_Provided data_
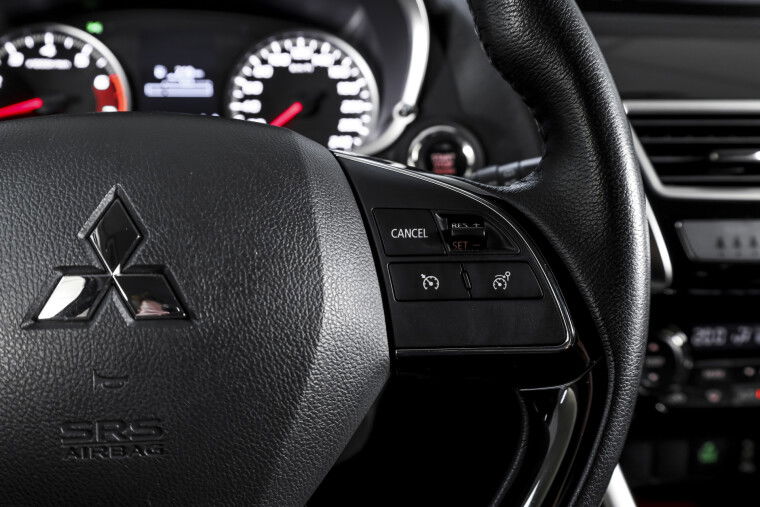 Mitsubishi - Eclipse Cross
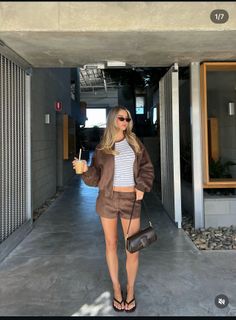 Madison Edwards feet photo 9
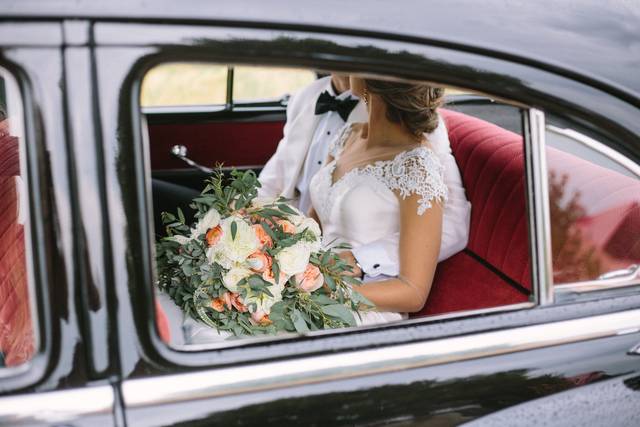Alyssa Hiner Photography - Newlyweds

_Description of the task_
Exactly as written, copy out the listing, but without any pictures.

_Output of the task_
 Mitsubishi - Eclipse Cross
 Madison Edwards feet photo 9
Alyssa Hiner Photography - Newlyweds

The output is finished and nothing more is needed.